Reputation: 8605
If I invoke this method with different dates, the decimal places of the result of difference / 1000L / 60L / 60L / 24L will always be truncated. What can I do to prevent that? I need a result of 4.xx.
public boolean checkDelayed(Date date1, Date date2)
{
long difference = date2.getTime() - date1.getTime();
if (difference / 1000L / 60L / 60L / 24L <= 4L)
{
return true;
}
return false;
}
Upvotes: 0
Views: 303
Reputation: 3417
Instead of longs, you can also multiply instead of divide.
if (difference <= 4 * 1000 * 60 * 60 * 24 )
{
return true;
}
Dividing is slower, and has a possibility of trimming off some numbers. Even dividing integers is slower than multiplying floats or doubles (in some cases? eg. AMD is best with floats, Intel with Integers). Using BigDecimal.divide(...) instead of double would prevent trimming but would be evern slower.

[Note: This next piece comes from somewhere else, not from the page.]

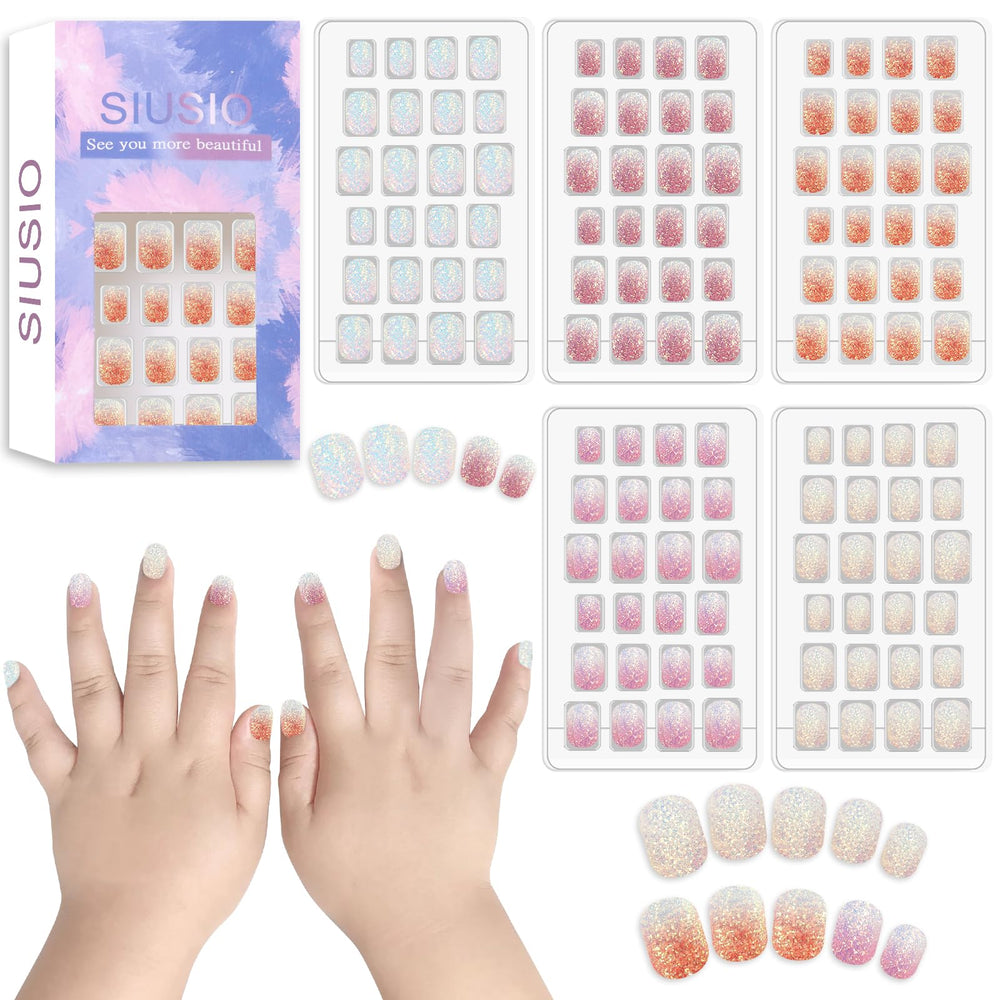 Uñas postizas Siusio para niñas, colección 5-pack, aplicación rápida para fiestas.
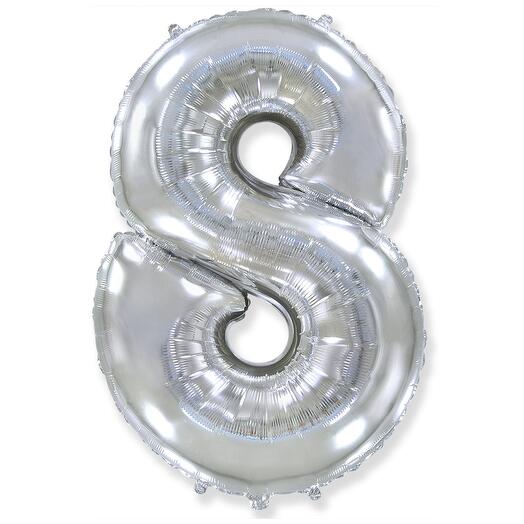 Цифра 8 Серебро огромная фольгированная 102см шарик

Multiplying's only disadvantage I can think of is that a really big number would overflow (ie. an calculated int could be larger than Integer.MAX_VALUE, or a long larger than Long.MAX_VALUE). But in your case, you only have constants, so it is the best choice.
Upvotes: 1
Reputation: 68887
Try using doubles instead of Longs.
public boolean checkDelayed(Date date1, Date date2)
{
double difference = (double) (date2.getTime() - date1.getTime());
if (difference / 1000d / 60d / 60d / 24d <= 4d)
{
return true;
}
return false;
}
The best way would be to apply simple math. Your condition is this:
difference / 1000L / 60L / 60L / 24L <= 4L
Work out like this:
difference / 60L / 60L / 24L <= 4000L
difference / 60L / 24L <= 240000L
difference / 24L <= 14400000L
difference <= 345600000L
There you have it. The always working simple condition.
public boolean checkDelayed(Date date1, Date date2)
{
long difference = date2.getTime() - date1.getTime();
if (difference <= 345600000L)
{
return true;
}
return false;
}
The reason for all of this is that the long datatype does not support decimal values. By converting to a double you will be able to keep the decimal values.